> GIVEN MATERIAL
•••

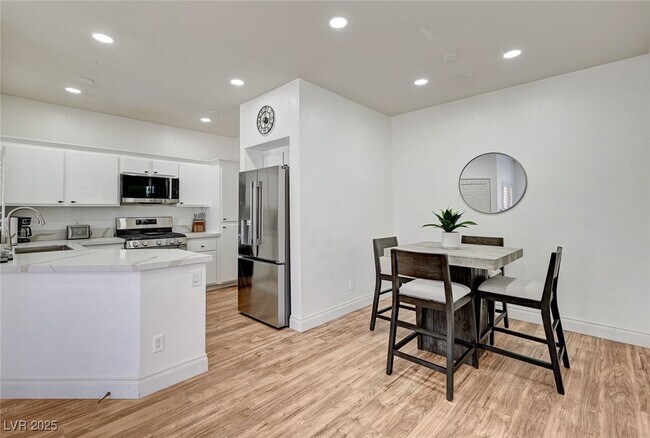 Building Photo - 251 S Green Valley Pkwy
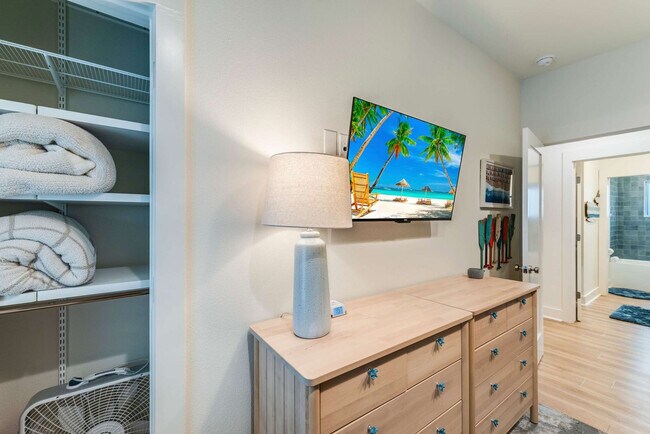 Building Photo - 119 6th St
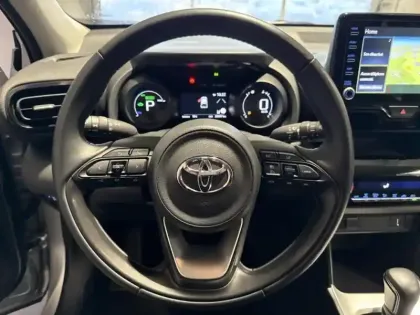 Photo 5 Toyota Yaris  Cross 116h Dynamic Business + Programme Beyond Zero Academy MY22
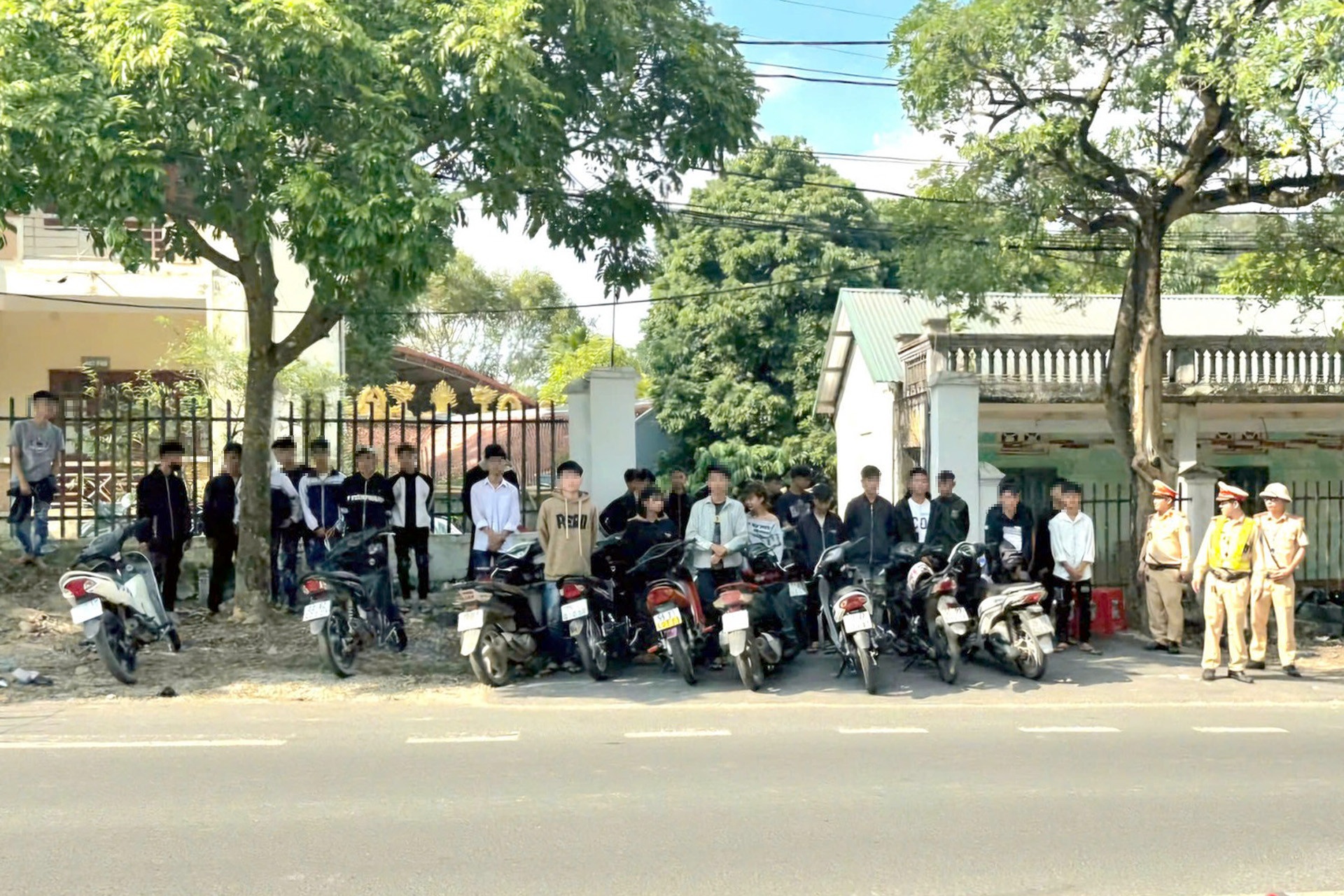 Canh sat lap chot o duong len Tam Dao hinh anh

•••

> WORK INSTRUCTIONS
Please reproduce the data above word for word, skipping all images.

> TASK OUTPUT
 Building Photo - 251 S Green Valley Pkwy
 Building Photo - 119 6th St
 Photo 5 Toyota Yaris  Cross 116h Dynamic Business + Programme Beyond Zero Academy MY22
 Canh sat lap chot o duong len Tam Dao hinh anh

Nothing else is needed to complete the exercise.